Hemos visto en el parlamento en acción el nuevo juego de las “cuotas
rosas” –una parodia ofensiva de las graves discriminaciones que las mujeres
viven en la vida real; con las mujeres de los partidos burgueses, unidas de
derecha a izquierda, dando codazos para ser puestas en lo más alto de las
listas en estas elecciones europeas, gritando contra un parlamento machista
pero sólo cuando se les impide escalar a los sillones del poder; mientras
que las empresarias, las señoras ricas, que ya están en los puestos que
cuentan, tratan de escalar más, de imponer sus “cuotas negras”, en un poder
político y económico basado en la opresión y la explotación, y que continúa
atacando cada vez más los derechos y las condiciones de vida de las mujeres.

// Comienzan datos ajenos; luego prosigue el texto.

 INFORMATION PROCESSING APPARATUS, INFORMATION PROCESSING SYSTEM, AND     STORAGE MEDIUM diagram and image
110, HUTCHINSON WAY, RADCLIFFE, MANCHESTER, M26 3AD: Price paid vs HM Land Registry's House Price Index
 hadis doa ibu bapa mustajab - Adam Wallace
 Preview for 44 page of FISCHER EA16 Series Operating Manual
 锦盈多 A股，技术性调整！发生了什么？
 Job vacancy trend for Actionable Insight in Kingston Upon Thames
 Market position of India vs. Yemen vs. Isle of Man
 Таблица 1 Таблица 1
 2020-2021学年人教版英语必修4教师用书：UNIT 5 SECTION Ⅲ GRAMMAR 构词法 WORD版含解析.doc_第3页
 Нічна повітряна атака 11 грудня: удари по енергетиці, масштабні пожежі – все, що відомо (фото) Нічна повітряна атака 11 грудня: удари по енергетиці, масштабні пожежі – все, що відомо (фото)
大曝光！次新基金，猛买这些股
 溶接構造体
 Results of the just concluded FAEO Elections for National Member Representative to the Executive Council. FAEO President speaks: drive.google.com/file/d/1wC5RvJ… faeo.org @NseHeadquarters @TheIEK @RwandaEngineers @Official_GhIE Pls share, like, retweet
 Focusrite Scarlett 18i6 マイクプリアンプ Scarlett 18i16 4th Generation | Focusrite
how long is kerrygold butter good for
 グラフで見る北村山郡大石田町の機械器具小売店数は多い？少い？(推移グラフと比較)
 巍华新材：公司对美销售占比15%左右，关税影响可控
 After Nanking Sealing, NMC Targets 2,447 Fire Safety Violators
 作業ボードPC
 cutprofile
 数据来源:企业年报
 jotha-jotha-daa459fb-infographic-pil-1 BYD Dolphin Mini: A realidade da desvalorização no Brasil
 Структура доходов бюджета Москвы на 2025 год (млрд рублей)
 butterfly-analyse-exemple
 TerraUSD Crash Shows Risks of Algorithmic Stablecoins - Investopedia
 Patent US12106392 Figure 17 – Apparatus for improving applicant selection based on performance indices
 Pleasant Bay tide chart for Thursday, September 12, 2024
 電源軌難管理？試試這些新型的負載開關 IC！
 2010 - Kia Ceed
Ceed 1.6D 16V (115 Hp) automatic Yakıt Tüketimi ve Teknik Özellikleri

Todo este alboroto, presente también en algunos movimientos de mujeres, está
a mil kilómetros de distancia de los problemas de las mujeres, que tienen en
cambio necesidad de derrocar todas las formas de este poder burgués, y
necesitan de la revolución….

Nosotras, mujeres, antes y después de las elecciones, tenemos que luchar
todos los días contra una vida que no tiene nada de “rosa”, nos arriesgamos
cada día a los feminicidios y las violaciones, nosotras que tenemos que
seguir trabajando, agotándonos en la fábrica y en el puesto de trabajo hasta
los 65 años y más; nosotras, mujeres, siempre las más precarias; nosotras,
sobre las que pesa aún más la carestía de la vida, los recortes en los
gastos sociales; nosotras, que somos siempre las más discriminadas;
nosotras, que no podremos decidir cuándo y cómo tener un hijo; nosotras,
mujeres, que sufrimos el pesado estrato machista del medievo moderno…

NOSOTRAS LAS MUJERES QUE ESTAMOS REBELANDONOS Y QUEREMOS UNIRNOS Y LUCHAR
contra un sistema burgués que hace de la opresión y la doble explotación de
nosotras, las mujeres, un puntal central suyo para perpetuarse.

EN CAMBIO NOSOTRAS LLAMAMOS A LAS MUJERES A BOICOTEAR LAS ELECCIONES Y A
LUCHAR CONTRA LA EUROPA IMPERIALISTA Y TODOS LOS GOBIERNOS.Contra la Europa
de la Merkel, de los gobiernos reaccionarios como el español, como de los
gobiernos de “centroizquierda” pero como el italiano de fascismo moderno
disfrazado; la Europa de la reanudación explícita y fuerte de las fuerzas
fascistas y explícitamente nazis, clara y fuertemente sexista y racista (en
Francia representada precisamente por una mujer, Le Pen); la Europa de los
gobiernos que atacan los derechos al aborto para retroceder 50 años; la
Europa cínica de los asesinos de mujeres y niños inmigrantes, con los
gobiernos que se aprovechan de sus muertos …

Contra esta Europa, contra todos los Estados y los gobiernos, existe la
necesidad del camino de la revolución por el poder proletario. Y en esta
lucha las mujeres están a la vanguardia porque sufren no una sino mil
cadenas y porque cuando combaten realmente son una “potencia”.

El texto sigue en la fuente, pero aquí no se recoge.